Can you say more about the concept of self-exoticization?

It arose after the period of colonialism and Western imperialism, and it describes how people in the East conform themselves to the distorted perceptions people have of them. There are reports that when the legendary modern Korean dancer Choi Seung-hee toured the United States and Europe, the curators in these countries reportedly requested that she satisfy their idea of the Oriental image, leading Choi to declare upon her return to Korea, “Eastern dance is something I found I could import from the West.” 
It is within this context that I speak of avoiding self-exoticization. I see a lot of artists increase the commercial value of their works in the art market by appealing to this appetite for exoticism. This is a problem that can be attributed not only to artists but also to the outlooks of curators.

▲ Choreographer Jeeae Lim ©Lee Kang-hyuk

▲ Choreographer Jeeae Lim ©Lee Kang-hyuk

Thank you for taking time out today to share so many interesting thoughts with me. As a final point, can you share with us your plans for the near future?

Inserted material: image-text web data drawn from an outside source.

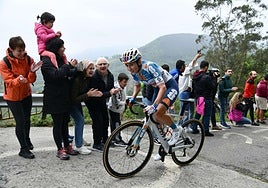 Juliette Labous durante su participación en la Itzulia Women.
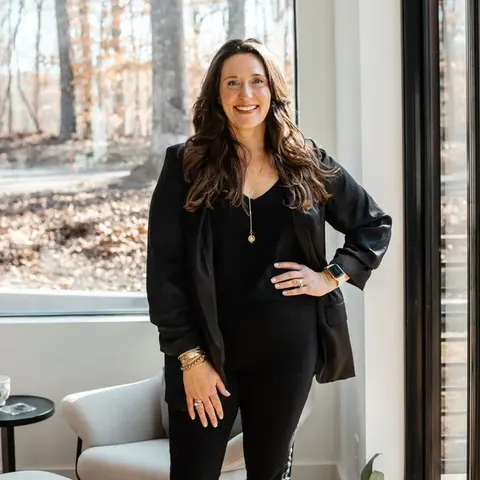 Leslie Hill, real estate agent in Mentone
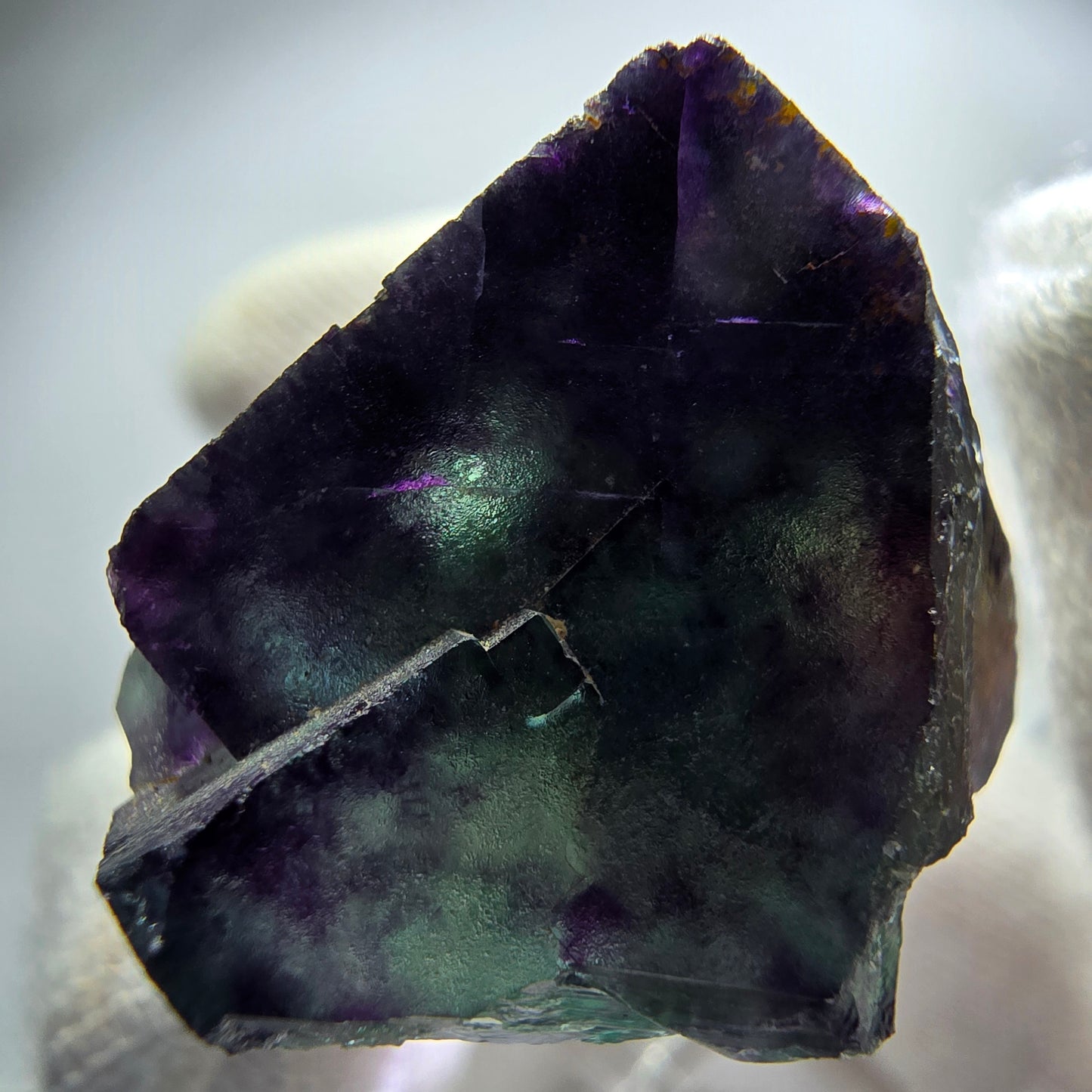 Spécimen rare de cube de fluorite fantôme, vert zonal et violet, Okorusu, Namibie, 29 x 23 x 20 mm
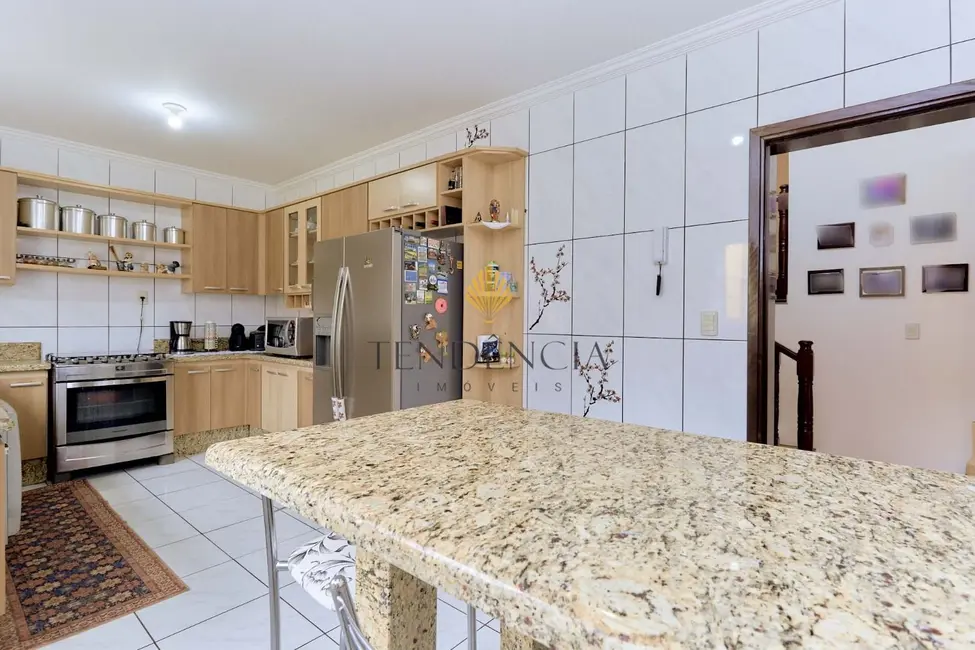 Foto 9 de Casa com 3 quartos à venda, 370m2 em Pilarzinho, Curitiba - PR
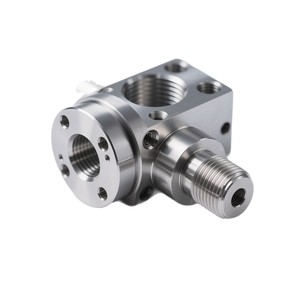 Pièces usinées CNC de haute précision en acier inoxydable pour machines lourdes, fabriquées par un maître artisan. - Product Image 3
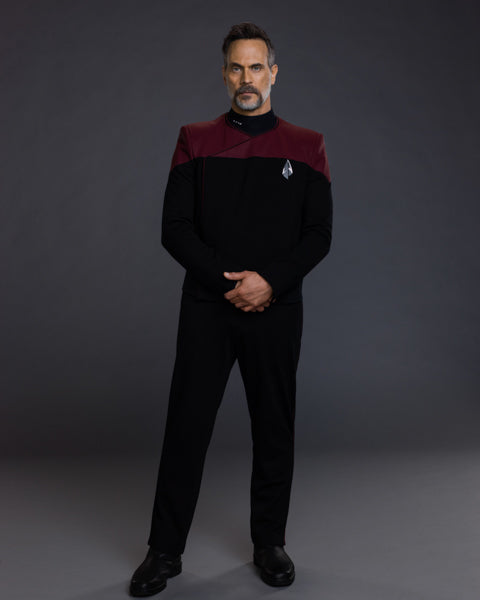 Todd Stashwick: Autograph Signing on Photos, November 27th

I am currently working on a project called Conversations with Korean Dancers as part of an artist residency with the Seoul Dance Center. I plan to showcase this piece on October 13. I have also been invited as choreographer to participate in a workshop during which I will create a piece with dancers from eight Asian countries. This will be at Gwangju’s Asia Culture Center, and this project will basically be an extension of my work. Most of the participating artists I will be working with started their performing careers with their own traditional dance and later ventured into Western dance forms for various reasons. Moving from traditional into contemporary, both in terms of technique and also emotionally or psychologically, they likely experienced some internal dissonance and discomfort. I felt that way too. I suspect these dancers have all had the experience of self-exoticization or otherization, and I want to address these issues through this project. Our work will be performed in Gwangju from November 19 to 20, and after that, I’ll return to Berlin to start my research for a work I plan to present next year, Ah~ Ah Ah.

KANG, Il-joong (arts columnist)
Editor of the online publication Meet the Theater People, Kang Il-joong is a former New York correspondent and editorial writer for Yonhap News Agency. He writes reviews and articles on theater and dance for various publications. Published books include, A Culture Walk through New York and The People behind Performing Art Festivals.